Le Fils de Pardaillan
comprenant que sa vie dépendait de son obéissance, elle sortit et attendit sur le palier. Jehan prit la cassette et chercha des yeux où il pourrait la mettre.
– Non ! fit-il en secouant la tête, il vaut mieux que je l’emporte… ce sera plus prudent.
Et il rejoignit Colline Colle. D’un coup d’œil circulaire, il inspecta les lieux. Il vit que pour entrer dans l’appartement de la jeune fille il n’y avait pas d’autre porte que celle devant laquelle il se trouvait. La clé était sur la porte. Il ferma à double tour et la mit dans sa poche.
– L’autre clé, fit-il d’un ton bref.
Elle feignit de ne pas comprendre et de son air le plus ingénu :
– Quelle clé ?…
– Tu dois avoir une autre clé… donne-la.
– Je vous jure…
Il lui mit la main au cou et :
– La clé, répéta-t-il froidement, ou je serre !

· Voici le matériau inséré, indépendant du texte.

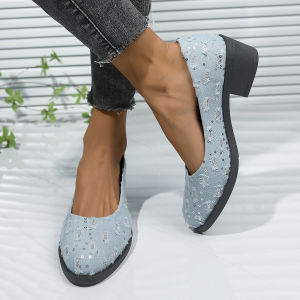 Free Shipping New Mid-Heel Casual Versatile Shallow-Toe Chunky-Heel Pointed-Toe WomenS Shoes Fashionable Small Pumps Trendy Wedge Heel WomenS Shoes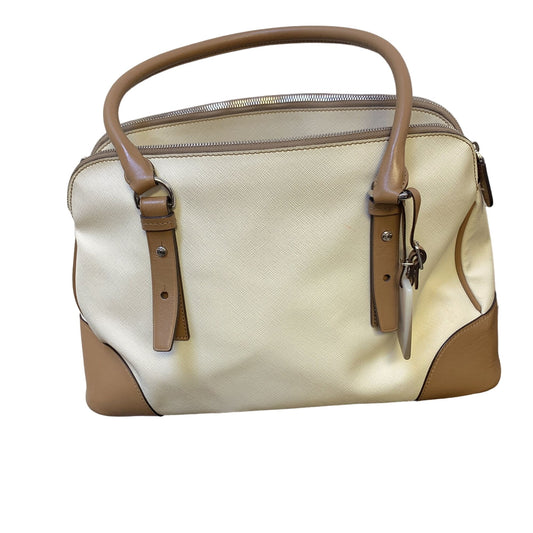 Tumi Cream & Brown Leather Shoulder Bag Size Large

C’est qu’il serrait déjà, le brigand ! Quel démon déchaîné était-ce là ?… Le mieux était de ne pas chercher à ruser avec lui, filer doux, obéir passivement, sa vie ne tenait qu’à un fil. Elle le comprenait bien. Elle suffoqua :
– Venez !…
Il la lâcha. Elle aspira une bouffée d’air et piteusement :
– Elle est en bas.
– Descends.
Elle obéit aussi précipitamment que ses jambes flageolantes le lui permettaient, et en descendant l’escalier, elle se lamentait intérieurement, avec force signes de croix :
– Jésus ! c’est le diable en personne !… Vierge sainte, venez à mon secours !
Chez elle, définitivement domptée, elle chercha en hâte la double clé réclamée d’aussi irrésistible manière et la tendit d’une main tremblante, n’ayant plus qu’un seul souci : le voir filer au plus tôt. Il s’en saisit et sur un ton qui la fit frissonner :
– Si tu essayes de t’introduire à nouveau chez la demoiselle, je le saurai… Alors, écoute : je te crève les yeux pour que tu ne cherches plus à voir ce que tu ne dois pas voir…
Elle ferma les yeux de toutes ses forces et songea avec terreur aux trois brigands de l’homme masqué qui lui avaient fait la même promesse, ou à peu près.
– Et je t’arrache la langue, continua Jehan d’un air terrible, pour que tu ne puisses raconter à personne ce que tu as surpris. Tu m’entends ?…
Blême, se soutenant à peine, claquant des dents, en proie à une terreur folle, elle n’eut que la force d’esquisser un signe de tête affirmatif.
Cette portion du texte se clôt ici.